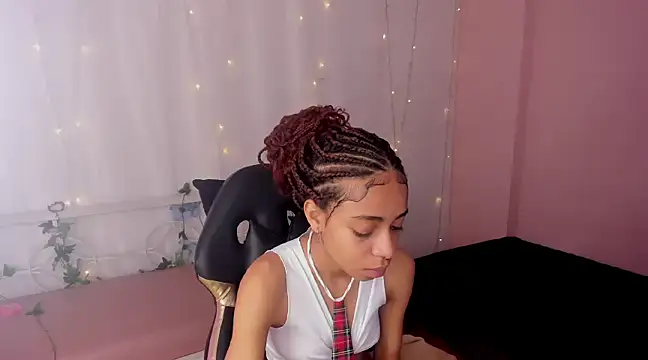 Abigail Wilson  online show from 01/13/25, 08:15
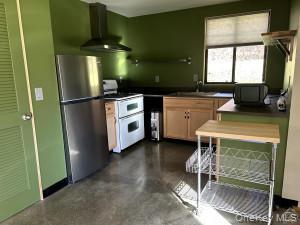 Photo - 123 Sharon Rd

* * *

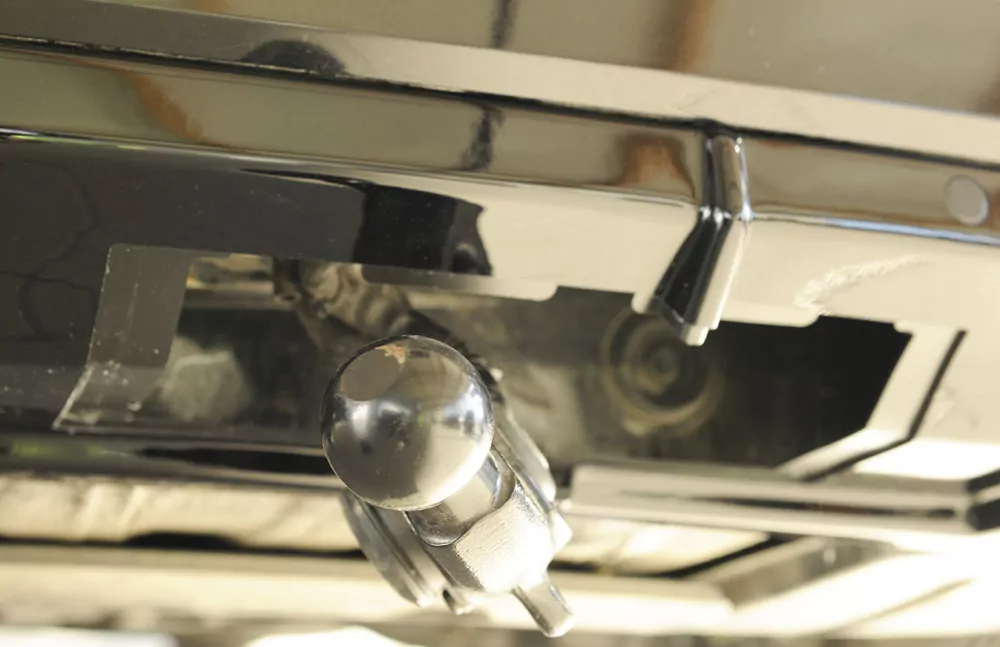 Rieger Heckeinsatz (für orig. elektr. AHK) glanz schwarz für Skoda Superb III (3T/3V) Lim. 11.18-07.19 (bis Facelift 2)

> _YOUR TASK_
The answer is the lines above from the one with "from 01/13/25, 08:15" to the one with "Photo - 123 Sharon Rd", set down exactly, with no pictures.

> _EXPECTED ANSWER_
 Abigail Wilson  online show from 01/13/25, 08:15
 Photo - 123 Sharon Rd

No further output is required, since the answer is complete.